"onu sevme zorunlulugum yok" demeyi bile ona borclu oldugunu unutan vatan, millet, toprak, bolunmezlik ne demek bilmeyen, bilmek istemeyen insanın hissedigi zorunluluk.
insanın yaşadığı topraklarda özgür ve bağımsız olmasını sağlayan yüce bir kişiliği sevmemesi o insanın kendisine hakarettir diye düşünülmesi gerekir ama tabii ki asla zorunlu bir durum olamaz bir kişiyi sevme ya da sevmeme çünkü bu bir haktır.

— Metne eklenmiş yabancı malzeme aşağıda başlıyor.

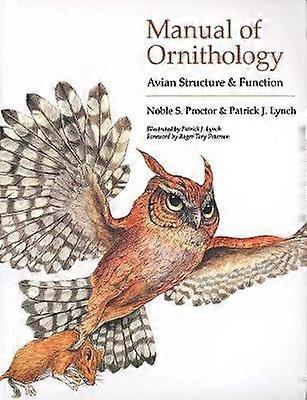 Manual of Ornithology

zorunluluk değil yaşadığı anın kıymetini bilen her türk gencinin yapması gerekendir. tarihle ilgili hiçbir bilgisi olmayan, düşünceleri sapmış gençlerden zaten beklenmiyor bu durum.
öyle bir şey yoktur. var diyenlere sorarım atatürk'ü sevmediğinden dolayı hapse girmiş ya da linç edilmiş dövülmüş 1 kişi var mı diye? ha dersenizki atatürk 'ü sevmeyen bürokrasi de yükselemez memur olamaz vb. bu ayrı konudur türkiye'de memurların siyasi görüş sahibi olmaları her hangi bir partiye üye olmaları yasaktır. değil atatürk her hangi bir konuda fikir sahibi olamazlar. abde demokrasi var onların kutsalları yok diyenlere de bonus (bkz: hyde park ta kralice aleyhine konusma yasagi)
Sevgi elle tutulabilir, gözle görülebilir, koklanıp sınıflandırabilir bir şey de ben mi bilmiyorum, oksijensiz kaldım sanırım doğarken. neresinden tutsam elimde kalıyor bu zorunluluk. senin kalbinde hissettiğin bir duyguya nasıl müdahale ederler, sondaj mı var kalbe inen yoksa logar mı açtılar. insan mecburen sever mi yahu, duygusu kimyası nasıl değiştirilir. şimdi benim özgürlüğüm yok atatürkü zorla sevdirdiler dersen, gülmek bile gereksiz kalır bu özgürlüksüzlüğüne- yeni bir kelime- sevme sen, atatürkün de kemikleri sızladı şimdi sen onu sevmiyorsun diye, bir sindirememişlik kokuyor buralar, ilk önce tependeki türbanını çıkarırsan at kılı kopacak demokles kılıcını gör, gözlerini ufka çevir. durmak yok yola devam.
g*tünden element uyduranların, atatük ü karalıyımda nasıl olursa olsun, koy g*tüne rahvan gitsin mottosu güden insanlardır. şimdi burada bu insanlara ne kadar birşeyler anlatılırsa anlatılsın anlamayacaklarından nafiledir. ama hani o içini dökme olayı varya, hah işte onu yapalım bari.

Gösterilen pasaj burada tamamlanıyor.